First, congrats goes to Thomas Pruitt and Wade Smith, the only two respondents to answer all nine trivia questions right. They both win a copy of the book. Also congrats to Marc Salmon, his email address was randomly selected from the entire pool of entries. Marc gets the lucky dice.
Now let’s go over the questions, answers and a bit of team history. In case you didn’t take part in the poll, I’m posting the answers at the bottom so you can take a guess at the questions if you feel so inclined.

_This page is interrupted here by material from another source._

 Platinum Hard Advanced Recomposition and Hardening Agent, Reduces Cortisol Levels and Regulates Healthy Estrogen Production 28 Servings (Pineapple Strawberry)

#1 Which coach led the Washington Bullets in their ’97 1st round playoff matchup against Michael Jordan and the Chicago Bulls?
- Bob Staak
- Bernie Bickerstaff
- Jim Lynam
- Wes Unseld
- Jim Brovelli
#2 Which Wizards General Manager has the best winning percentage during his tenure?
- Wes Unseld
- Ernie Grunfeld
- John Nash
#3 Which player did NOT score 50 points in a game while wearing a Wizards/Bullets uniform?
- Phil Chenier
- Earl Monroe
- Antawn Jamison
- Tracy Murray
- Michael Jordan
- Bernard King
- Moses Malone
#4 TRUE OF FALSE: Brendan Haywood is in the top 5 of career games played with the franchise.
#5 TRUE OR FALSE: Gilbert Arenas is the franchise’s all-time scoring average leader in playoff games.
#6 TRUE OR FALSE: In the 2000s, the Wizards have NOT drafted a player from the Big East conference.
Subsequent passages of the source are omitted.